Reading that it looks as if it is based on Manica rather than Fairbride. Apologies for not keeping up. Too many deals !.
Has some info on targets and exploration work.
https://www.proactiveinvestors.co.uk/companies/news/44033/auroch-minerals-ahead-of-the-game-with-mozambique-gold-project-acquisition--52540.html
This mentions the satellite deposits but it is unclear if Empress will benefit.
https://empressroyalty.com/site/assets/files/6157/emprnr2021-13_manicaclosing.pdf
The sedar report produced for Empress in March last year only covers Fairbride.
Your theory does make sense Andrew - I imagine we would have been informed had the geo's been doing anything more than 'turning over rocks' at Manica.

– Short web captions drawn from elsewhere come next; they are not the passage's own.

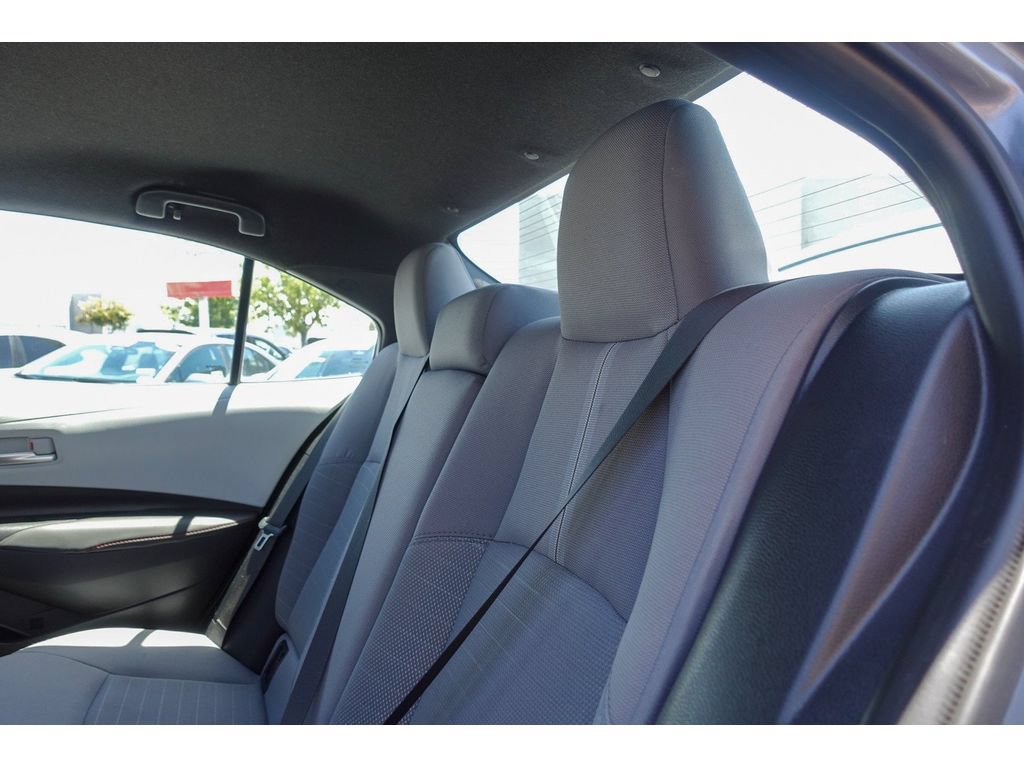 Used 2025 Toyota Corolla SE FWD image 28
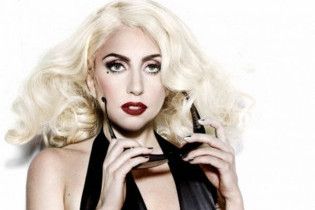 Lady GaGa на завтрак пьет пиво и заедает "Сникерсом"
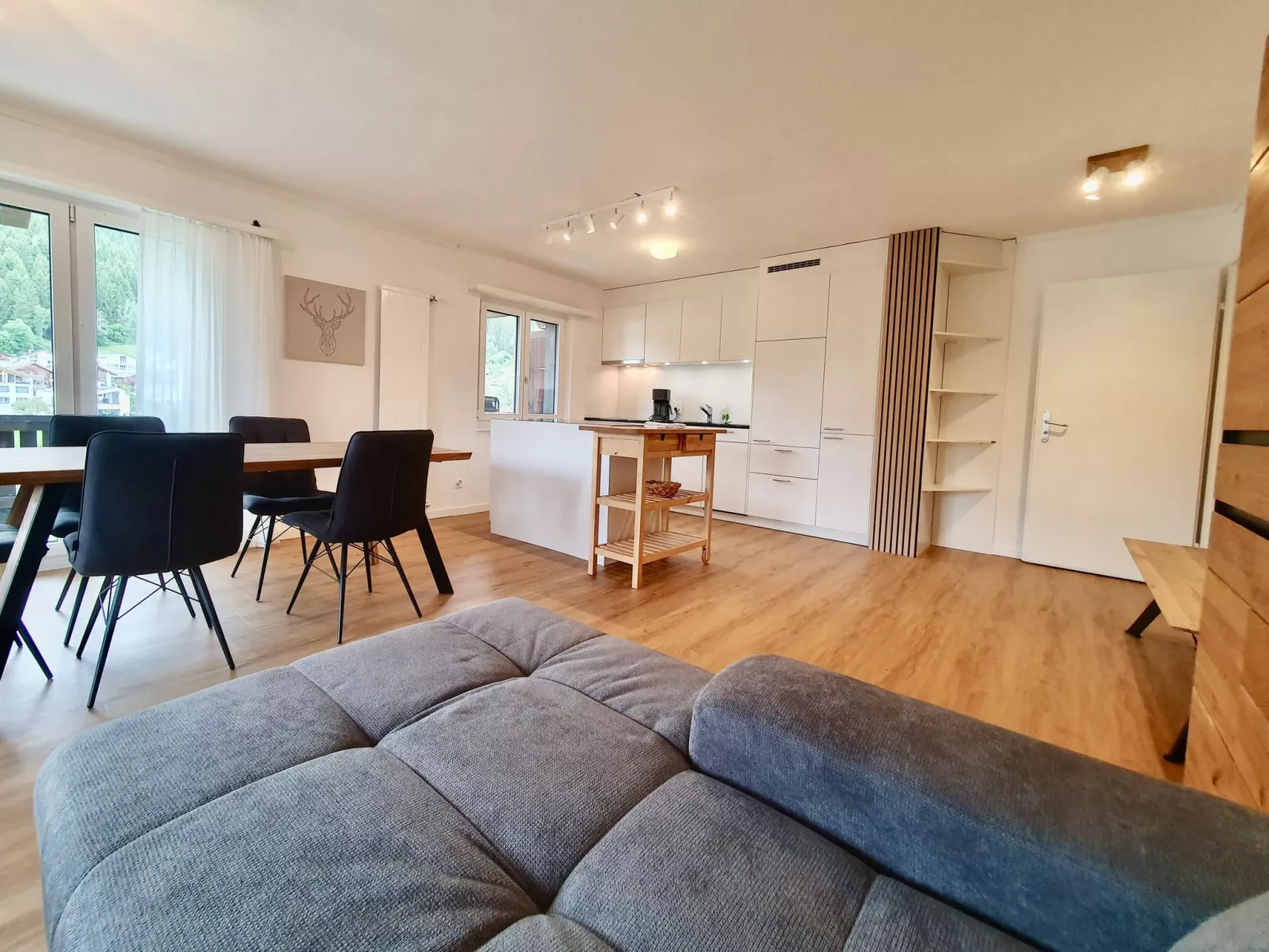 Apt. 13-Inside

Saying that, I imagine they will be full gas processing FB ore. Would they have to wash out the whole plant to run the Chinese, satellite mine, ore individually to ensure separation of gold?
Just curious but why would Empress get a royalty out of GF etc ?. Surely there contract is with Fairbride.
But could that % for MMP not be increased and agreement not be changed if FB was used to processes the ore? The "three additional deposits" did seem to imply the known three in the area?
Maybe the recovery in new state of the art plant would be better for the Chinese to use? Or nearer?
I could be way off here and maybe the additional three deposits are all new.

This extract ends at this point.